_PROBLEM TO WORK ON_
Exactly the lines below from the one with "2023 Toyota 4Runner" up to and including the one with "充電台のはがき ポストカード (正面/裏面)" make up the answer, with nothing else added.

_ENTRIES SHOWN_
'''

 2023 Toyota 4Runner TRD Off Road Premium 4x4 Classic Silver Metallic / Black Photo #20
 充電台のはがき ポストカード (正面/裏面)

'''
'''

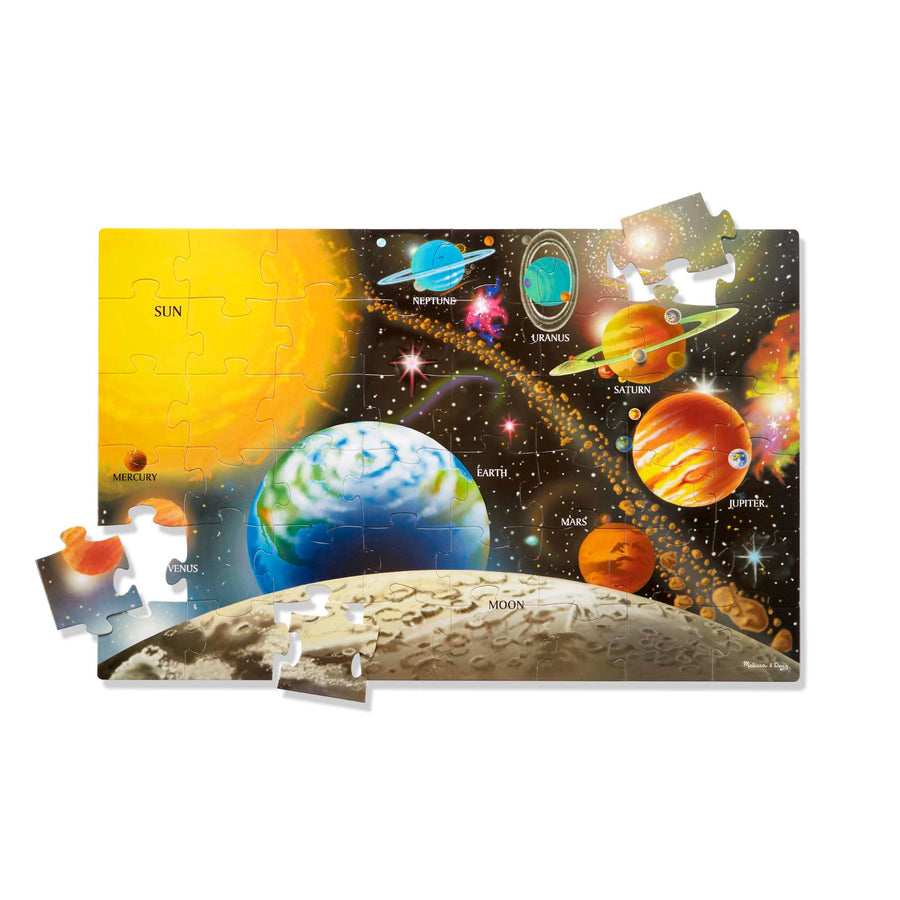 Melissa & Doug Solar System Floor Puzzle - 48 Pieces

'''

_SOLVED PROBLEM_
 2023 Toyota 4Runner TRD Off Road Premium 4x4 Classic Silver Metallic / Black Photo #20
 充電台のはがき ポストカード (正面/裏面)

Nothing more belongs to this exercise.